§ **Problem to work on**
Below are some records; quote exactly the lines from the one that contains "100 Custom Vinyl Stickers - Image 5" through the one that contains "Mineral Foundation 1.2", inclusive, and no others.
(Source data begins)
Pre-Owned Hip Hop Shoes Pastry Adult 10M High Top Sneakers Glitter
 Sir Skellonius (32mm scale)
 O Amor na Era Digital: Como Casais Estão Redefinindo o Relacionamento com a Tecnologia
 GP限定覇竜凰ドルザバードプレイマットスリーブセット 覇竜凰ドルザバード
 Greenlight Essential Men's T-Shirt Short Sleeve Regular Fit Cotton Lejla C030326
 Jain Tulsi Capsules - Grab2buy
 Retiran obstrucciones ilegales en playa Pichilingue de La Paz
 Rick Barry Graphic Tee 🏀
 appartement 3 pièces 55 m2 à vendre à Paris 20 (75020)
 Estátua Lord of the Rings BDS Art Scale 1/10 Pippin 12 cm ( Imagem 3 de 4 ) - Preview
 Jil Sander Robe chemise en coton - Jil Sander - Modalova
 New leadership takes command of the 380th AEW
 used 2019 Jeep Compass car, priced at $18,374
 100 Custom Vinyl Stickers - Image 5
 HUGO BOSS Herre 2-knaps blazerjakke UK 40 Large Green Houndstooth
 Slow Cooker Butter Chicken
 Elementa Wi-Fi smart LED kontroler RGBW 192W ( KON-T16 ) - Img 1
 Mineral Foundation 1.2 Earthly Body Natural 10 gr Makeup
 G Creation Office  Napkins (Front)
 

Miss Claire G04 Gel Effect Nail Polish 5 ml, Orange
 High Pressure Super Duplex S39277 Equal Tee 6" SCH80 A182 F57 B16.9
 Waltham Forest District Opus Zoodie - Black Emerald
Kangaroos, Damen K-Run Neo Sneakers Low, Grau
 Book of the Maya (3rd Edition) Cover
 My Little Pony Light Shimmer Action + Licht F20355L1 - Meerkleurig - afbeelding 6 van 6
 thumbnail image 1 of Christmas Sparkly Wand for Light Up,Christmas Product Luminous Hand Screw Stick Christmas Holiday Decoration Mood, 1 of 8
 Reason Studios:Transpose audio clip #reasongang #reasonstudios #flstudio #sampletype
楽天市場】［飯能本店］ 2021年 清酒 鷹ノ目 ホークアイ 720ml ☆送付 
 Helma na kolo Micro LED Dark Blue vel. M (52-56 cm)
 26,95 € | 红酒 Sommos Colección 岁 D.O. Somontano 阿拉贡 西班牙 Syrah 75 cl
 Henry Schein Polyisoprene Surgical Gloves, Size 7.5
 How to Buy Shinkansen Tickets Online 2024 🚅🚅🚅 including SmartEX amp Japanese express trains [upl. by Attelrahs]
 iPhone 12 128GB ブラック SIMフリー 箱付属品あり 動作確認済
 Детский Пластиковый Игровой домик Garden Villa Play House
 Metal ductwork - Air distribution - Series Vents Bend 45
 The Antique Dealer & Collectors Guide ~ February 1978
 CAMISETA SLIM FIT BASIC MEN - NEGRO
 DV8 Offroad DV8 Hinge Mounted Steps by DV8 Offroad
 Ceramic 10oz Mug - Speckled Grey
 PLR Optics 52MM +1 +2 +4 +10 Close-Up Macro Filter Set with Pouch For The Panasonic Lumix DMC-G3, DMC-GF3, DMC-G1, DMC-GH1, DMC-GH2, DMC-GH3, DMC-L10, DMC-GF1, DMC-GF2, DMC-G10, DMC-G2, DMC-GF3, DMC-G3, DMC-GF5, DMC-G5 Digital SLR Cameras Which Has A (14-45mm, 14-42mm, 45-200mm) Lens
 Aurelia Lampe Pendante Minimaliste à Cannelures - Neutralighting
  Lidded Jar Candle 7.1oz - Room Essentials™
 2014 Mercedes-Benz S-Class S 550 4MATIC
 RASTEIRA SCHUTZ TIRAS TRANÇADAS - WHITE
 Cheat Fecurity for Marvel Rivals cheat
(Source data ends)
§ **Solution for this exercise**
 100 Custom Vinyl Stickers - Image 5
 HUGO BOSS Herre 2-knaps blazerjakke UK 40 Large Green Houndstooth
 Slow Cooker Butter Chicken
 Elementa Wi-Fi smart LED kontroler RGBW 192W ( KON-T16 ) - Img 1
 Mineral Foundation 1.2 Earthly Body Natural 10 gr Makeup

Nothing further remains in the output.